By integrating big data analytics with population health management, we are able to access both behavioral risk and patient engagement, as well as clinical risk. Better visibility into patient behavior has allowed plans to determine the major barriers to sustained member health, compliance, satisfaction and retention and to subsequently create strategies designed to improve patient engagement and drive better outcomes through greater efficiency.

Looking into my crystal ball, here are the three biggest barriers to member engagement and improved outcomes:

Language and Ethnic Disparity 
Plans need to keep close tabs on members who are non-English speakers or where English is not their primary language. A population health management program can help identify members who are at highest risk for adverse outcomes (across clinical, compliance, retention and satisfaction domains), segment those individuals, and identify socioeconomic, demographic, ethnic or health seeking barriers that can impact outcomes.
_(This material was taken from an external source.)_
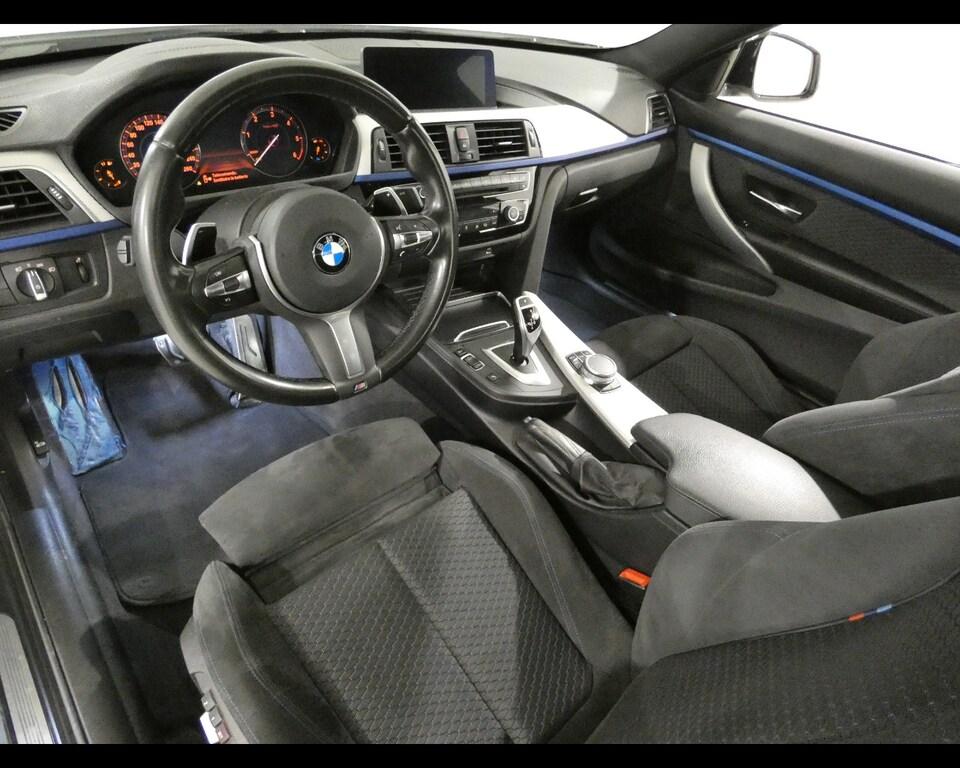 BMW Serie 4 420d Coupe Msport auto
For instance, a member who is consistently visiting out-of-network doctors may be doing so in order to consult with a physician who speaks his or her language, not knowing that the plan may have doctors that speak their language. If a plan can identify these individuals upfront, they can find and recommend a physician within their network who speaks the member’s language and head off a plan defection.

Population health analytics tell us that:

• Non-English speakers who are in special needs plans are 70% more likely to disenroll than English language speakers;
• Non-English speakers who are higher risk for disenrollment and who have significant out-of-network usage have a 20% higher voluntary disenrollment rate;
• Lower income non-English and non-Spanish speaking members are 10% less likely to get their regular preventive screenings.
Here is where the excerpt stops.